A spinlock is a special type of lock, where the waiter spins, looping on a memory read until the lock is acquired. Also called a busy-waiting lock.
Spinlock implementations requires atomic memory exchange to function properly.
Implementation Example
As an example of why, imagine you have the following code:
// assume that 0 is unlocked
int lock = 0;
void acquire(){
while(lock == 1){
// spin
}
lock = 1;
}
void release(){
lock = 0;
}
The above is a minimal implementation of a spinlock. But would it actually work?
The idea is that two threads trying to acquire would check the lock integer, the first one to get to it would set the lock integer to one, and the second one would run the while loop as long as that condition is true (in other words, it spins, or busy-waits).
When the first thread finishes, it releases the lock, sets the integer to zero, and our waiting thread breaks out of the loop and sets the lock to one, blocking any other waiting threads and goes on to do whatever it needs to do.
Reasoning for Atomicity
The code doesn’t particularly do anything useful, but the idea here is valid. However, it suffers from one crucial deficit, which is that what happens if both acquire the lock at exactly the same time?

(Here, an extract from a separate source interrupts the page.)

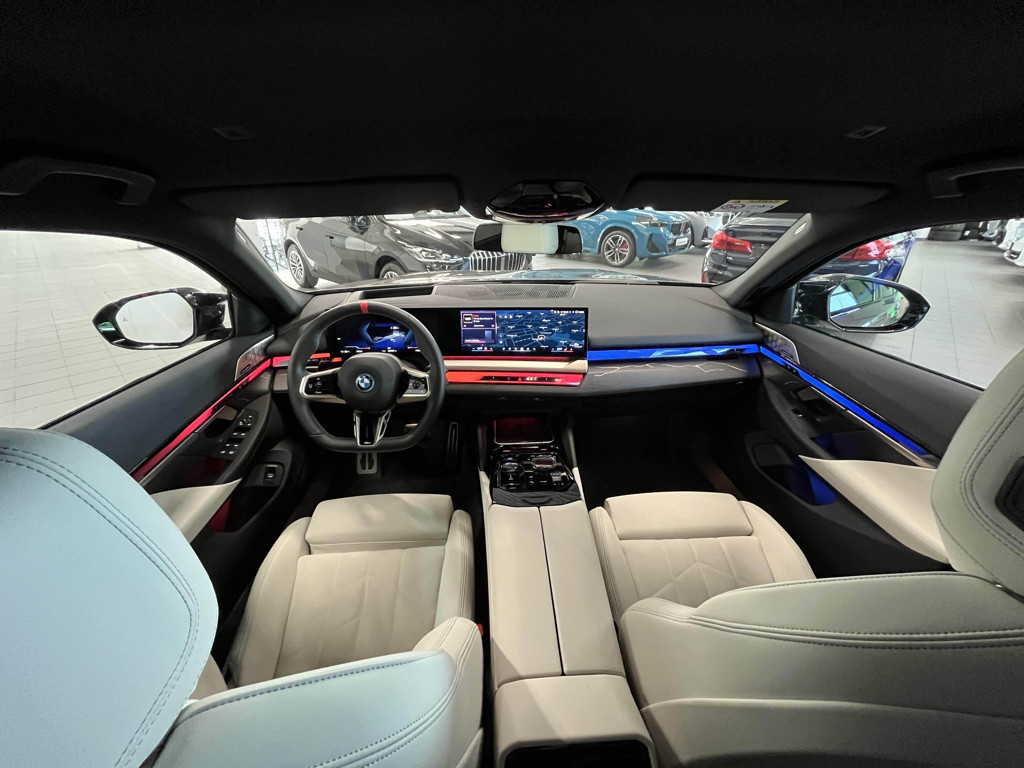 BMW i5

In SM213, we could imagine that the acquire code translates to something like the following:
wait: ld $lock, r1
ld (r1), r1
ld $-1, r2
add r1, r2
beq r2 $wait # check again next cycle
# otherwise st 1 to lock and execute
What happens if the first thread is at line 4 when the second thread is at line 2? Both threads would load zero into register one, and would set the lock to one and execute like its no big deal, since they both evaluated the lock to be 0.
Because of this, we need an instruction that makes it impossible for two threads to be in between reading the value at r1 and setting its value to one. This is where the need for an atomic memory exchange instruction came from.

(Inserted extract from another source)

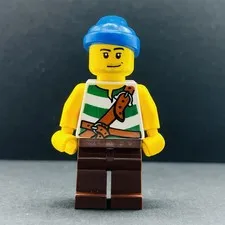 Lego Minifigure Pirate Green / White Stripes, Blue Bandana pi133 Pirates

What it effectively does is reduce those lines of code where two threads mistakenly acquire the same value from memory by making it all one instruction. In one instruction, you read from that place in memory, and you store another value there.
That way, you get this:
ld $lock, r1
ld $1, r0
loop: xchg (r1), r0 # new atomic exchange instruction
beq r0, held
br loop
held:
In which case the previous problem becomes effectively impossible, since the atomicity of the instruction makes it so that if a thread has a lock with value zero, every other thread has to have read a one.
I like to think of it like those things at banks that spin, where one side is always facing you or it is facing the teller. Apparently they’re called rotary pass through trays. Or an airlock.
Issues with Spinlocks
Spinlocks suffer from multiple issues which make them generally less attractive than the other alternative locks. One of them is that the atomic memory exchange instructions are generally pretty costly. Turns out that condensing a few lines of assembly into one and ensuring it is the only instruction touching the memory in question when it executes comes with quite a bit of overhead in comparison to the usual non-atomic instructions.
The other is that busy waiting is generally considered a bit wasteful, since you block the entirety of the thread from doing anything and it will still occupy the CPU. If the machine has a single core/CPU, then you’re effectively polling.
Spinlocks are still used for a variety of things though, and are quite easy to implement.